It is becoming increasingly apparent, however, that the development of pharmaceuticals is far beyond the scope of finding only highly biologically active compounds, and that many other aspects must be considered before highly potent active compounds can be formulated into pharmaceutical products, the most important of which are the stability of the active agent, the ability to be absorbed from the site of administration, the physical state of the active agent, and many other related problems, economic factors such as the cost of large quantities of the pharmaceutical, in addition to the properties of the active agent itself.
In view of these problems, the present invention provides an unexpected dihydropolyprenol oil composition which is pharmaceutically elegant and avoids all of the above-mentioned problems. Such oil compositions limit the components to only: excipients (i.e., oils) and, effectively, dihydropolyprenols. Since there are few components which can adversely react with the dihydropolyprenol, it can be stored for a long period of time. It is known that "oxidation" is the main route of degradation of the polyprenols, whereas oil compositions protect the dihydropolyprenols from oxidation, since oxygen must pass through the oil vehicle by diffusion to reach the dihydropolyprenols, and it is more advantageous that some oils contain endogenous antioxidants. In addition, the physical stability of the oil composition is not problematic because it is a single-phase solution. On the other hand, other related formulations such as emulsions disclosed in the related art are biphasic, possibly reacting with each other over time.

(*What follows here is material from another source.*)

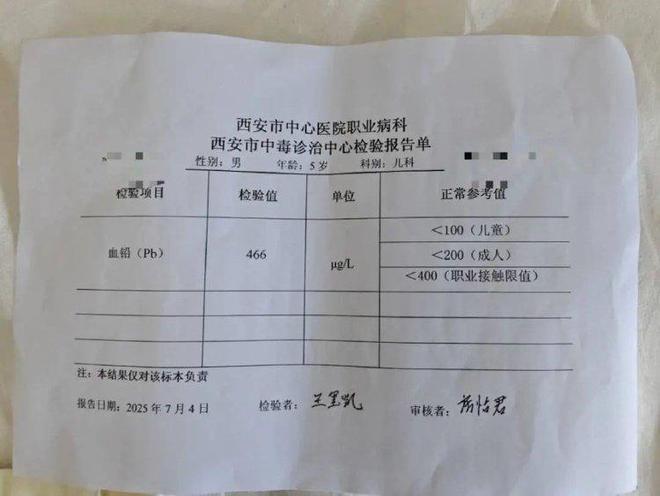就诊儿童正在输液。(取材自上游新闻)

The oil composition of the present invention is easy to administer because it can be formulated more concentrated than an emulsion, thereby allowing a smaller injection volume to be administered to an animal. For example, emulsions are typically prepared at a concentration of 10mg/ml, whereas oil-based formulations of the invention may have a concentration of at least 150mg/ml, the volume of which is only 1/15 of the emulsion. The oil composition is also easy to inject because its viscosity is low enough to flow through a conventional syringe and needle, whereas, for example, an implantable pellet containing dihydropolyprenol is difficult to administer to an animal.
Finally, a simple process for the large-scale production of dihydropolyprenol oil compositions is obtained, while the processes for preparing other dosage forms tend to be more complicated and costly.
Information disclosure
US4,624,966 discloses β, γ -dihydropolyprenol derivatives useful as immunizing agents against infectious diseases in humans and animals and methods of use thereof.
US4,839,389 discloses an injection containing a polyprenol, the main components of which are polyprenol and lecithin.
US5,139,740 discloses a soft capsule composition comprising a polyisoprene alcohol compound, a surfactant and/or an unsaturated aliphatic acid.
US5,280,048 discloses a method of combating infection with polyisoprene alcohol compounds.
Other reference materials of general interest are:
nagahata, g.j.kociba, h.noda, m.koiwa, and m.kimura, "effect of dihydroheptaprenyl alcohol on neutrophil function in post-partum cows", "Veterinary Immunology and Immunopathology" (Veterinary Immunology and Immunopathology), 29, pp.163-169 (1991).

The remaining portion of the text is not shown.